→ What is expected
Using the data that follows, return exactly the lines from the one that contains "Fairfield Inn and" through the one that contains "2022 Nissan Frontier Crew Cab 4x2 SV Auto", ends included.

→ Information supplied

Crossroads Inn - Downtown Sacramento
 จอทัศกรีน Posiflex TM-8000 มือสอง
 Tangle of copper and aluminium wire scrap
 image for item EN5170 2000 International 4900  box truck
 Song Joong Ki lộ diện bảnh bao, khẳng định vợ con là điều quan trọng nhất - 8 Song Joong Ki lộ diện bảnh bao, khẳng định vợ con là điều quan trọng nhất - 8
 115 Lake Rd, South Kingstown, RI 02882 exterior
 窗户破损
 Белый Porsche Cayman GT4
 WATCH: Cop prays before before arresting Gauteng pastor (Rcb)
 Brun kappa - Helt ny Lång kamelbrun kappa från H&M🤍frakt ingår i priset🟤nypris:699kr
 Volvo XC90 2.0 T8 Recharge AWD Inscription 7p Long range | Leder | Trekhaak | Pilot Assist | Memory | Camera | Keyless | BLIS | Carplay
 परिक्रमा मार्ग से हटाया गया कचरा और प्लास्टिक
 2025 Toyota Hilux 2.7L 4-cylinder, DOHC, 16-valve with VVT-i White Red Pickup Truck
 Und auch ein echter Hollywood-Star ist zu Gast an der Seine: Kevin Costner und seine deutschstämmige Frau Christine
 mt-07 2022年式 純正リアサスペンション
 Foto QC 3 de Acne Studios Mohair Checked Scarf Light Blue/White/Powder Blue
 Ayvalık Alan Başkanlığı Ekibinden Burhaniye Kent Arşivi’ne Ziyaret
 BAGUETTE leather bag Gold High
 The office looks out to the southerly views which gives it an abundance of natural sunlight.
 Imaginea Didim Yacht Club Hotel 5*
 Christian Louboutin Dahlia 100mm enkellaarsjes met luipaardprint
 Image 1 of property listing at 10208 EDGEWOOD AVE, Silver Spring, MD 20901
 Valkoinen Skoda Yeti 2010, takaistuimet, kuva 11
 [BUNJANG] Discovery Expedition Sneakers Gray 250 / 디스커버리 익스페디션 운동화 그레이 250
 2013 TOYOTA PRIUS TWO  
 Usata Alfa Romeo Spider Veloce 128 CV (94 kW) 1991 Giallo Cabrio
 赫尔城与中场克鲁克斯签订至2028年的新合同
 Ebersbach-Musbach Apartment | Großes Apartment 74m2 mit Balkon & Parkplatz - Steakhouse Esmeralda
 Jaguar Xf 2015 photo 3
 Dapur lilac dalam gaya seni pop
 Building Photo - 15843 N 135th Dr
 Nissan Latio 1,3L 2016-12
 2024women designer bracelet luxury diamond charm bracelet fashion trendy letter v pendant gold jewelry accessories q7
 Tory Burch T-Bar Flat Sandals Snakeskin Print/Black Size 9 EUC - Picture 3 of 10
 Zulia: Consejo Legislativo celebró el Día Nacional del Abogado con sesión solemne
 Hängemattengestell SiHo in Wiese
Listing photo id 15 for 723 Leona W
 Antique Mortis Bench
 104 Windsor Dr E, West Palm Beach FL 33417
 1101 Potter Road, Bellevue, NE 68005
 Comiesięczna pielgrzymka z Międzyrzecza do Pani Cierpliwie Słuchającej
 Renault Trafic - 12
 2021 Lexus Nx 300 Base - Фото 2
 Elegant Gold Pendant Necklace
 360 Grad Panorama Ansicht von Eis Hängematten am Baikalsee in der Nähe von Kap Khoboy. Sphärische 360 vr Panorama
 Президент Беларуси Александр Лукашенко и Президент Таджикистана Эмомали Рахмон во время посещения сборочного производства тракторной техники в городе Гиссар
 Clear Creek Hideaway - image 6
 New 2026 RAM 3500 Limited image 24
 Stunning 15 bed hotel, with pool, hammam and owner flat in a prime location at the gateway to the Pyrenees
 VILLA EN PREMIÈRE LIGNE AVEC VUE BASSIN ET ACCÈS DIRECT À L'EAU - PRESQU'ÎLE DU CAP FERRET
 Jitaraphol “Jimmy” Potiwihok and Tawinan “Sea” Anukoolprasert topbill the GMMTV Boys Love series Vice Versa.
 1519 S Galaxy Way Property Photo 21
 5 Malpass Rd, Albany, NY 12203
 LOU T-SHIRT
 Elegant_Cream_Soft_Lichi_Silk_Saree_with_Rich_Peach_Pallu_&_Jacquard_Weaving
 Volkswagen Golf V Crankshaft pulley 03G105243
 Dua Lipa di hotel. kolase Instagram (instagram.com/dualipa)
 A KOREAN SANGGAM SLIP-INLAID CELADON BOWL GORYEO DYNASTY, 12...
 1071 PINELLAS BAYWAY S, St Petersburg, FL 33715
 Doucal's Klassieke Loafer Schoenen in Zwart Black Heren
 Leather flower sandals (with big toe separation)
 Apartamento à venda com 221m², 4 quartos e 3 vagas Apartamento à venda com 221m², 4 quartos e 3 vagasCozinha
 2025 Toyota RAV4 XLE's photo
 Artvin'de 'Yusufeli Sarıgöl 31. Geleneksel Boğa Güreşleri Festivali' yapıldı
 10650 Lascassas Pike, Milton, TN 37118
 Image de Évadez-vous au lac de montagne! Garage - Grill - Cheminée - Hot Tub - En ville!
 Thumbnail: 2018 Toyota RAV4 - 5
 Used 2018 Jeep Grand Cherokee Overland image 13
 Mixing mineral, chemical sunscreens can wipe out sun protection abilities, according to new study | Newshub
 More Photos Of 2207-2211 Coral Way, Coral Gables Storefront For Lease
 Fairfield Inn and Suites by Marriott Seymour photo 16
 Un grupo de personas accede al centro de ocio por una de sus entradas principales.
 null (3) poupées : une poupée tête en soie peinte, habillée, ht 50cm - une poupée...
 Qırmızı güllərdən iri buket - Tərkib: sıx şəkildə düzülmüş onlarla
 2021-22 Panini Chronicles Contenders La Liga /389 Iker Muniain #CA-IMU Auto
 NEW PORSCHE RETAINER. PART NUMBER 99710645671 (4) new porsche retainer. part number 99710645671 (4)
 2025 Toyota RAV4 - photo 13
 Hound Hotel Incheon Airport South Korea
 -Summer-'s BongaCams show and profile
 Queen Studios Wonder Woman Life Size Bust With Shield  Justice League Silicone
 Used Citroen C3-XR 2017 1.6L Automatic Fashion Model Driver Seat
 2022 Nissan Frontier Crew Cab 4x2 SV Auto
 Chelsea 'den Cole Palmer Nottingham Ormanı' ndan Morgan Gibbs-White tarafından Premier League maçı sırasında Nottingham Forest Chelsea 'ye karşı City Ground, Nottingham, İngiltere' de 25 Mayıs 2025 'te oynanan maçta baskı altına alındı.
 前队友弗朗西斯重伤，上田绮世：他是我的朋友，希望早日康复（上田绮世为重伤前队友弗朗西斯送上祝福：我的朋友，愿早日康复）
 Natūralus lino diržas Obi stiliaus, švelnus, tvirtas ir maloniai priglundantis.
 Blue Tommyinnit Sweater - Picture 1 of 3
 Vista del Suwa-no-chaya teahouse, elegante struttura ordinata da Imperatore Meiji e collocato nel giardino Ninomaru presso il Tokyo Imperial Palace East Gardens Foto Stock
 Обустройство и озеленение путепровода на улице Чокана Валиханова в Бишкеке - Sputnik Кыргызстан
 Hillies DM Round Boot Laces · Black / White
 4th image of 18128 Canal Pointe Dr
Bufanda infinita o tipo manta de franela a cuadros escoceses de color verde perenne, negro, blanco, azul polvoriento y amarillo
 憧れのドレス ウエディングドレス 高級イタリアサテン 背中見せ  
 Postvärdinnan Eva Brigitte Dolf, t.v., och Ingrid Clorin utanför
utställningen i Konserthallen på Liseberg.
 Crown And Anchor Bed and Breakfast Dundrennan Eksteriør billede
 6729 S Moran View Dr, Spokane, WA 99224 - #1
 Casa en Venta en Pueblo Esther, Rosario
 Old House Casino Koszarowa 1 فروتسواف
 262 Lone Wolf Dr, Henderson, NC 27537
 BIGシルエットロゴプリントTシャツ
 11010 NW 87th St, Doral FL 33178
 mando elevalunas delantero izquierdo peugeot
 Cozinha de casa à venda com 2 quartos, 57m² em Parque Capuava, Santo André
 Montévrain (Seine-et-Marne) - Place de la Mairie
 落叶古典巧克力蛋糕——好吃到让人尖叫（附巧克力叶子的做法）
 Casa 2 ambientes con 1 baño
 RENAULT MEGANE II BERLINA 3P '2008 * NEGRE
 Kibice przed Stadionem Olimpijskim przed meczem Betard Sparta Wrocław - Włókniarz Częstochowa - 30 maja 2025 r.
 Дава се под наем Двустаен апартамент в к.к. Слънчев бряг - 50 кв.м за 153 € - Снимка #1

→ Response to this exercise
 Fairfield Inn and Suites by Marriott Seymour photo 16
 Un grupo de personas accede al centro de ocio por una de sus entradas principales.
 null (3) poupées : une poupée tête en soie peinte, habillée, ht 50cm - une poupée...
 Qırmızı güllərdən iri buket - Tərkib: sıx şəkildə düzülmüş onlarla
 2021-22 Panini Chronicles Contenders La Liga /389 Iker Muniain #CA-IMU Auto
 NEW PORSCHE RETAINER. PART NUMBER 99710645671 (4) new porsche retainer. part number 99710645671 (4)
 2025 Toyota RAV4 - photo 13
 Hound Hotel Incheon Airport South Korea
 -Summer-'s BongaCams show and profile
 Queen Studios Wonder Woman Life Size Bust With Shield  Justice League Silicone
 Used Citroen C3-XR 2017 1.6L Automatic Fashion Model Driver Seat
 2022 Nissan Frontier Crew Cab 4x2 SV Auto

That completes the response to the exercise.